**Exercise details**
Drop all pictures and repeat exactly the lines from the line holding "2024 Lexus ES 300h Luxury" through the end of the records.

**Record set**
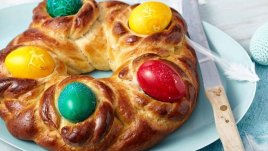 Великден. На конци и с шарени яйца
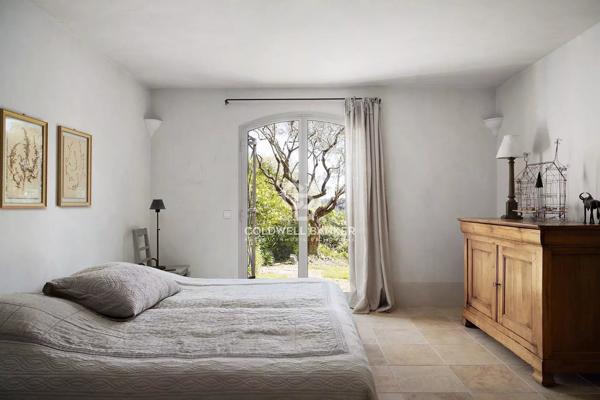 Villa 12 pièces à vendre Valbonne - 06560 / Réf: Helena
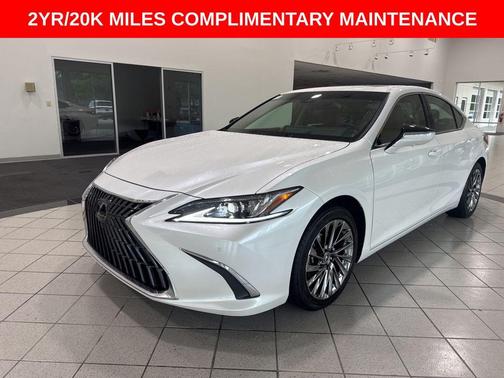 2024 Lexus ES 300h Luxury
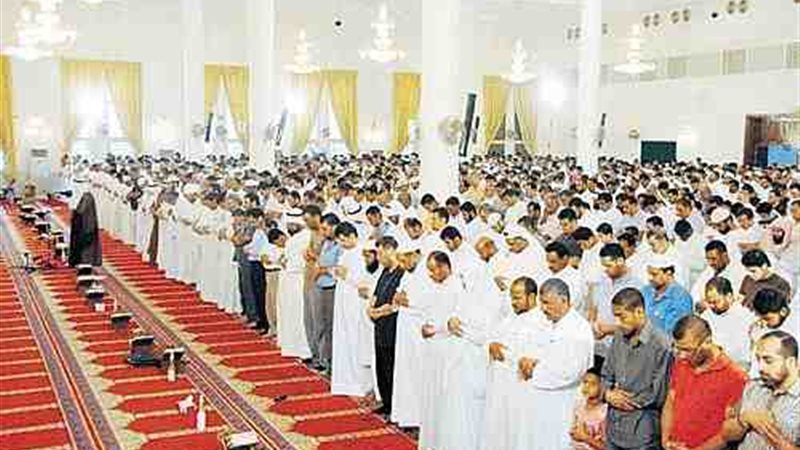 الرجال فى الصفوف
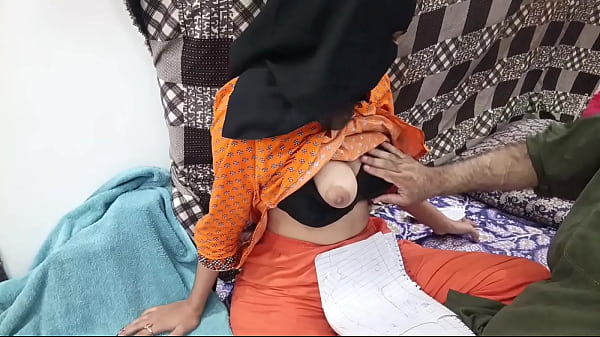 Gadis Pelajar Pakistan Berhijab Digebukin Guru Lesnya Di Kamar Belajar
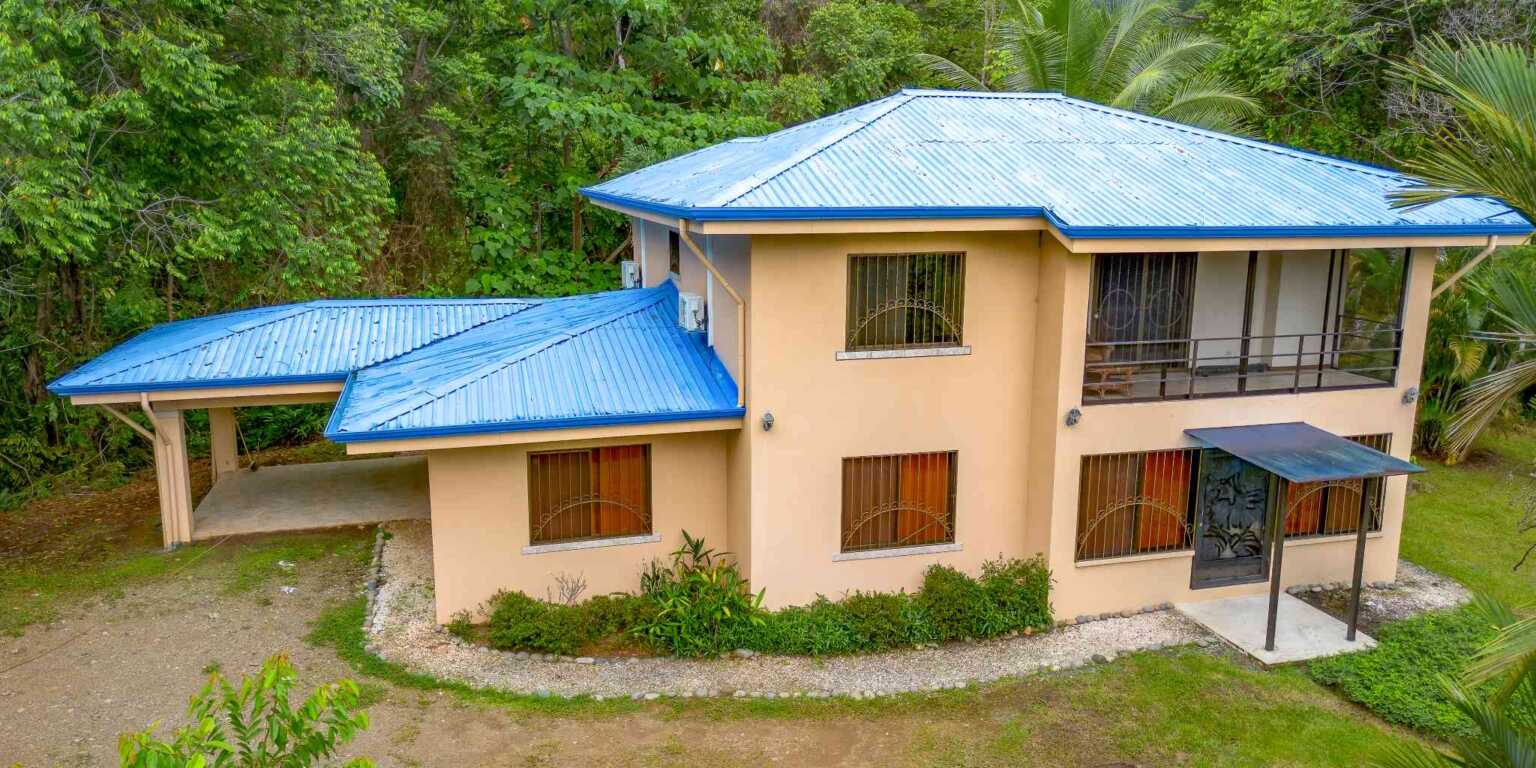 Ojochal-69 Jungle Home Totally Private 3-Bedroom Home in Easy Access Location in Ojochal Costa Rica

**Result for this task**
 2024 Lexus ES 300h Luxury
 الرجال فى الصفوف
 Gadis Pelajar Pakistan Berhijab Digebukin Guru Lesnya Di Kamar Belajar
 Ojochal-69 Jungle Home Totally Private 3-Bedroom Home in Easy Access Location in Ojochal Costa Rica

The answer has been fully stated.